Six major charge-card issuers--American Express, Bank of America, Chase Manhattan Bank, Citibank, Discover and MBNA--have started to fight back by cooperating with the Secret Service to pool information about fraudulent transactions and to generate computer analyses that flag locations where numerous cards may have been skimmed. The Visa and Mastercard associations, along with American Express, are refining their security programs, called neural networks, to do a better job of spotting suspicious transactions before they are consummated. (If, for example, someone in Hong Kong tries to buy something with a card that was used just two hours earlier in Chicago, the computer will reject the transaction.)
But the card companies are reluctant to spend much money to combat a threat they still regard as relatively small. "I think we have to look at the size of the skimming problem vs. the cost to solve it," says John Shaughnessy, senior vice president of risk management at Visa USA, which estimates that fraud losses from skimming represent less than one-tenth of 1% of total sales.
Individual cardholders are not liable for fraudulent charges made to their accounts by skimmers or other scam artists.
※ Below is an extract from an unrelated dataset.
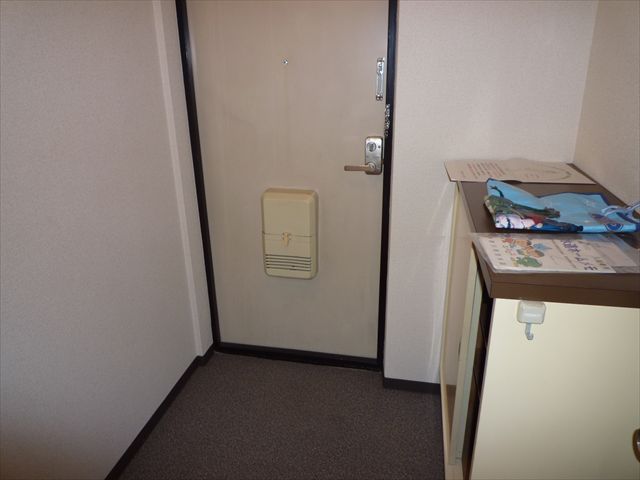 クローバーハイツ0206号室 玄関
But those cardholders can be in for a rude shock when thousands of dollars worth of purchases suddenly show up on their monthly statements. Card companies urge their customers to read their bills closely and report improper charges promptly. But even if they do, they face the hassle of paperwork and of acquiring new charge cards. And the losses incurred by the charge-card companies eventually get passed along, largely invisibly, to consumers through higher interest rates and card fees.
What's more, Secret Service agents point out that the skimmers, even if they are a relatively minor annoyance to credit-card companies, are feeding a sizable chunk of change into the coffers of Asian, Russian, Nigerian and Latin organized-crime cabals. "For some of these inherently violent groups," says Regan, "skimming is too lucrative to ignore."